«Это означает приветствие», – пояснил Мааюн Волкодаву.
За первым узлом последовали другие… ещё, ещё и ещё.
Вплетались новые нити, цветная тесьма то сужалась, превращаясь в пухлый
узорчатый шнур, то вновь ширилась подобием кружевной сетки.
«Человек», «идти», «друг», «пища», «лодка», «ночлег»… –
быстро работая пальцами, называл Мааюн узлы и узоры.
Тут Волкодав припомнил обширные нитяные полотна сходного
плетения, показавшиеся им с Эврихом стенными украшениями итигульских жилищ, и
ему сделалось стыдно. Вот ведь как! Похоже, книги и летописи горцев всё время
были у них перед глазами, только они умудрились их не заметить!
Он сразу положил себе непременно рассказать Эвриху, если
жизнь вздумает улыбнуться ему и они ещё когда-нибудь встретятся.
Тхалет всё бросался напоминать и советовать старшему брату,
и тот в самом деле дважды распускал узел-другой, чтобы усилить или слегка
изменить значение предыдущих. Йарра больше помалкивал. Мать и отец, уехавшие с
ним, маленьким, на другую сторону моря, конечно, научили его письменной вязи
своего племени. Но, поскольку не было каждодневной необходимости, навык так и
хранился в памяти невостребованным, обретя звание насущного только недавно,
после возвращения в горы. Оттого Йарра, похоже, всё никак не мог достичь
беглости в праотеческой науке и почти не принимал участия в составлении письма
к Панкелу по прозвищу Синий Лёд, жившему в Захолмье при устье Потешки.
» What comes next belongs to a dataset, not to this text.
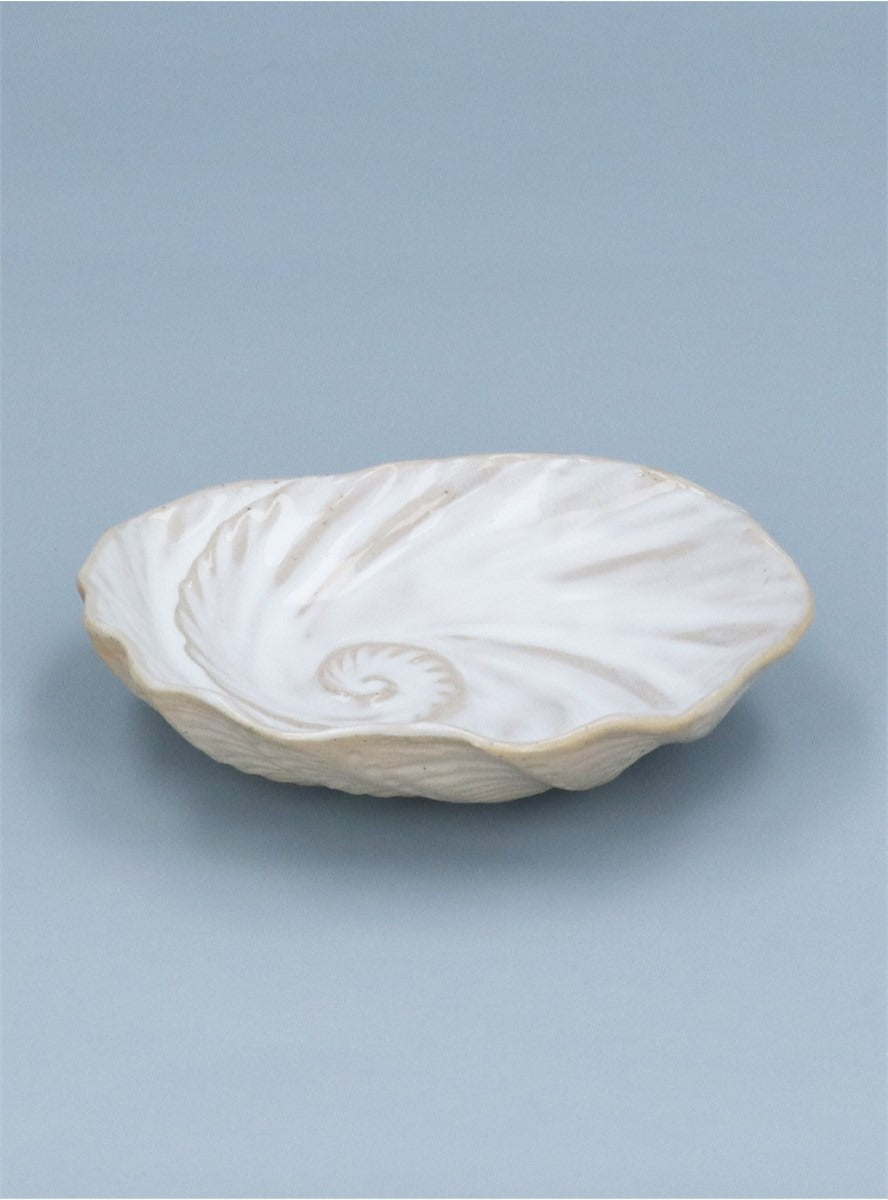 Young Ideas/Henmores - Spiral Shell Stoneware Trinket Dish - White - OS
Завладев
кусками и обрывками цветных нитей, оказавшимися ненужными Мааюну, Йарра уселся
в сторонке и принялся сосредоточенно выплетать нечто своё. Узлы разные вяжет,
решил Волкодав. Умение проверяет…
Сам он на память отроду не жаловался. Зря ли когда-то с
первого прочтения чуть не наизусть запоминал длинные классические поэмы, да ещё
на чужом языке. Когда Мааюн кончил вязать письмо и торжественно вручил его
Волкодаву, тот разгладил длинную тесьму на коленях и попытался разобрать смысл.
Конечно, он смог уловить далеко не все тонкости, но в целом получалось
достаточно складно.
«А почему, – спросил он, – этому человеку,
Панкелу, дали такое прозвание?»
«Потому, – ответил молодой итигул, – что однажды
весной, когда лёд уже напитался водой, посинел и стал ненадёжен, он провалился
в воду и едва не отправился рыбам на корм».
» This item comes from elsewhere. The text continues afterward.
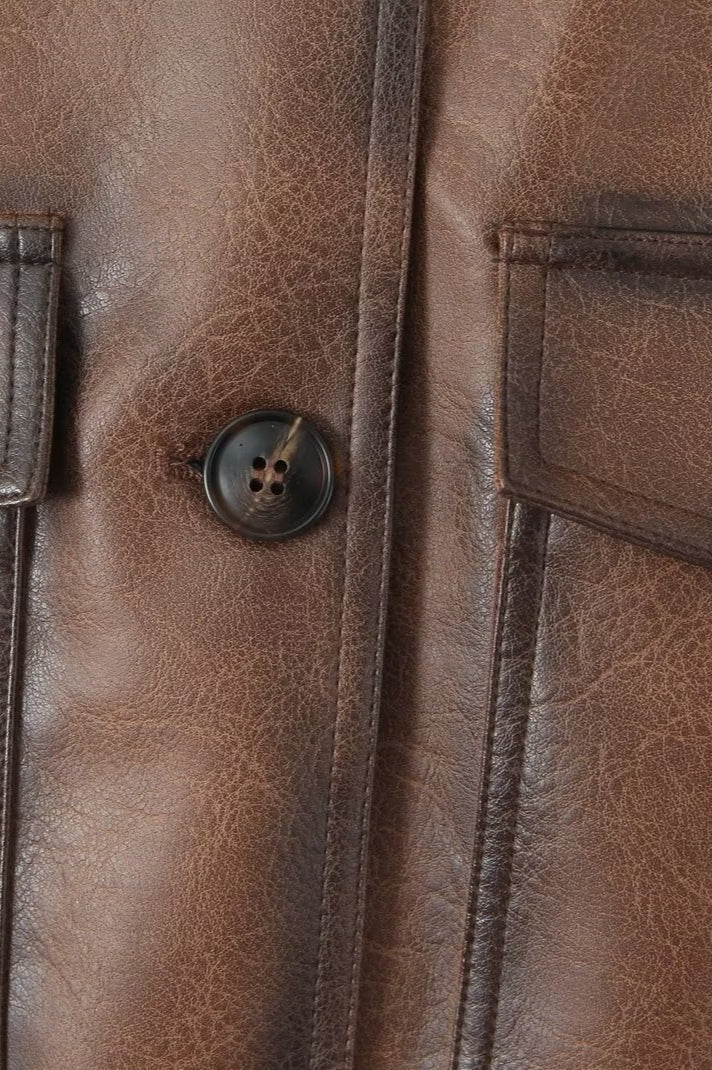 Brown Vintage Faux Leather Coat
Они сидели в корчме у Айр-Донна, в комнатке, за которую
славный вельх наотрез отказался брать с Волкодава плату, утверждая, что и без
того, ежели по уму, должен был бы передать ему во владение половину «Белого
Коня». Стены во всём доме были, к величайшей радости венна, бревенчатые. В знак
уважения к постояльцу служанки сразу покрыли их занавесями с вышивкой,
изображавшей птиц на ветвях. Вышивка была двусторонняя. Переверни её, и увидишь
не изнанку с торчащими нитками, а такой же узор. Разве только день в этом
птичьем лесу сменится ночью, потому что серебристая изнанка листьев обернётся
лунным блеском на верхней их стороне, да в ярких пятнышках на хвостах и крыльях
пернатых поменяются местами цвета. Искусство подобной работы вельхские
мастерицы ревниво хранили, передавая от матери к дочери. Вот такая комнатка,
напоминавшая и добрую веннскую избу, и круглый вельхский дом под соломенной
крышей, вместо внутренних стен разгороженный занавесями. Славно в таком месте и
беседу вести, и за столом угощаться, и хорошие сны под одеялом смотреть…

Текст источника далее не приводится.